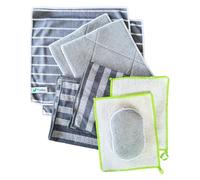 Lot de 8 chiffons de nettoyage en fibre de bambou - Gris - Chiffon de nettoyage et de nettoyage, chiffon sec, éponge de rinçage, non pelucheux, extrêmement absorbant, maison, voiture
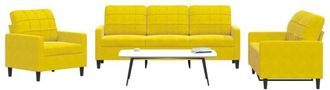 vidaXL Vidaxl - Juego De Sof&aacute;s Con Cojines 3 Piezas Terciopelo Amarillo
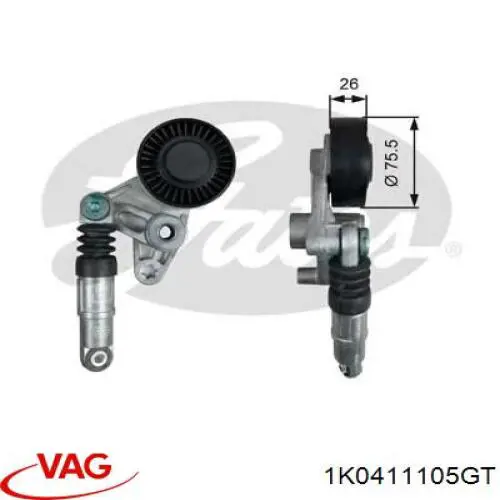 Пружина передня VAG 1K0411105GT ціна, від 29.44 USD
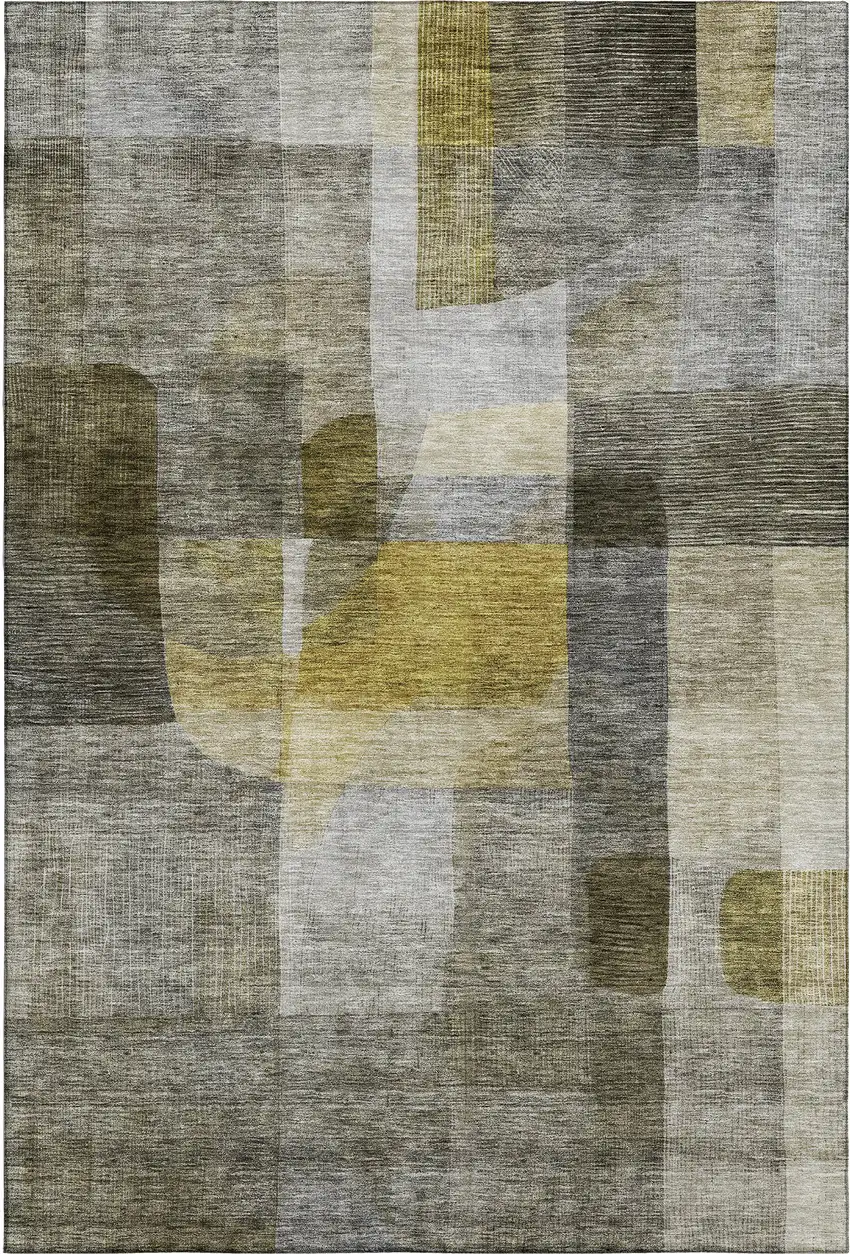 Taupe Gold And Gray Abstract Washable Area Rug With UV Protection Photo 3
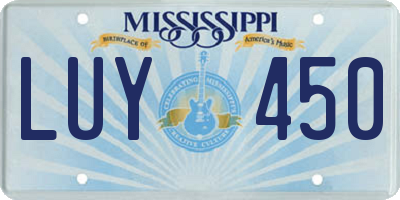 MS license plate LUY450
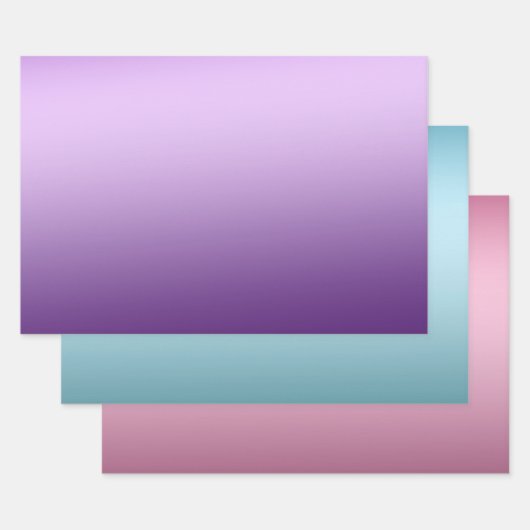 Feuille De Papier Cadeau Purple Aqua Pink Ombre (Lot)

**YOUR ASSIGNMENT:**
Give back, word for word, the lines from the one containing "Taupe Gold And" through the last line of the listing above; include both ends and exclude the pictures.

**SOLVED PROBLEM:**
 Taupe Gold And Gray Abstract Washable Area Rug With UV Protection Photo 3
 MS license plate LUY450
 Feuille De Papier Cadeau Purple Aqua Pink Ombre (Lot)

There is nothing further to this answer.